I'm a poor conversationalist, though, and my "small talk" is often peppered with awkward silences. I don't like that about myself.
 
Posted by Piglet (# 11803) on :
 
I suppose, like most people, I've become used to music being played in restaurants, shops and so on, but the quality can make a huge difference.

I remember once when shopping in Oxford Street, being thoroughly fed up of all the thumpy music in most of the clothes shops, I went into (I think) Laura Ashley, where the piped music was Vaughan Williams' Variations on a theme by Thomas Tallis. I was so enchanted I bought something (probably just a scarf or something similar) although I'd really only gone into the shop to browse.
 
Posted by churchgeek (# 5557) on :
 
I think I'm going to be the second person here to respond to the OP (which was asking why people might be uncomfortable with silence).

Mostly, my own answer is very similar to Paul's. I'm bipolar type 2 (tending mostly to depression and dysphoric hypomania, but not psychosis or all-out mania). So my brain can be a very unsafe place. Having external noise helps me not spiral down with it.

I also want to second this:

quote:
Originally posted by Paul.:
If I have a point - other than just personal sharing - it's that don't assume people who eschew silence are just spiritually shallow.

My second reason is related. I grew up in the country, very isolated. Being (undiagnosed and untreated) bipolar in that environment, especially since I'm naturally a people-person (right on the line between introvert & extrovert). The quiet made me feel lonely, and made time seem to pass slowly. It also amplified my restless mind.

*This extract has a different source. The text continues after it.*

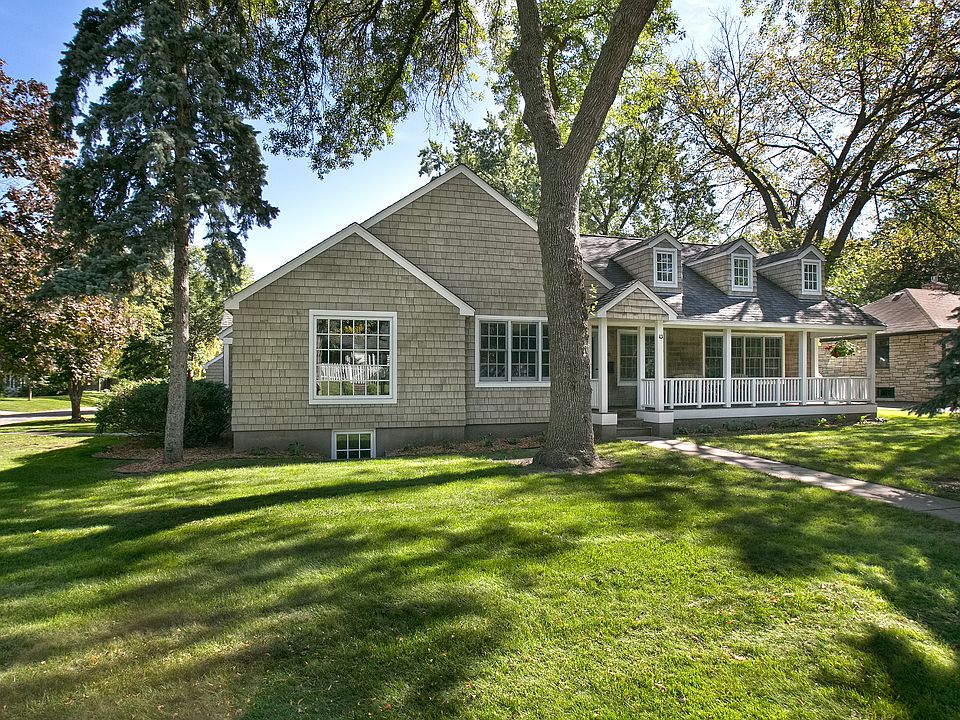 2nd image of 101 Maple Hill Rd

My third reason is simply that I often like having some kind of leveling noise/sound that covers potentially distracting sounds: people chewing, sniffling, shifting in their seats; outside noises, etc. Especially if I need to concentrate or if I'm feeling irritable (common with a mood disorder). If I need to pray, read, or write, music helps me do that.
 
Posted by Ariel (# 58) on :
 
quote:
Originally posted by churchgeek:
I also want to second this:
quote:
Originally posted by Paul.:
If I have a point - other than just personal sharing - it's that don't assume people who eschew silence are just spiritually shallow.


I don't think anybody on this thread has actually said this. Has something given you the impression that it has, or is this an attitude that you've come across in real life?

I am well aware that certain kinds of sound and music can be gateways to spirituality for some people, as can dancing.
 
Posted by kingsfold (# 1726) on :
 
quote:
posted by Ariel:
quote:

Originally posted by churchgeek:
I also want to second this:

quote:

Originally posted by Paul.:
If I have a point - other than just personal sharing - it's that don't assume people who eschew silence are just spiritually shallow.


I don't think anybody on this thread has actually said this. Has something given you the impression that it has, or is this an attitude that you've come across in real life?
I don't think that it's that anyone on the thread has actually said this, more that thus far the majority have expressed the view that, on the whole, it's all [far] too noisy. And I guess, as with most opinions, that comes across as being more or less judgemental, either unwittingly or deliberately.

I am, self-confessedly, one for whom silence comes naturally and (relatively) easily. For those of you who find it more difficult, please continue to try and help me to understand your perspective.
 
Posted by churchgeek (# 5557) on :
 
I can't speak for Paul, but I'll say no, nobody's said that on this thread. I've heard it implied IRL, though.
 
Posted by Jengie jon (# 273) on :
 
Another thing is insecurity. In a group, silence will often only become relaxed if people know who is in charge of ending it.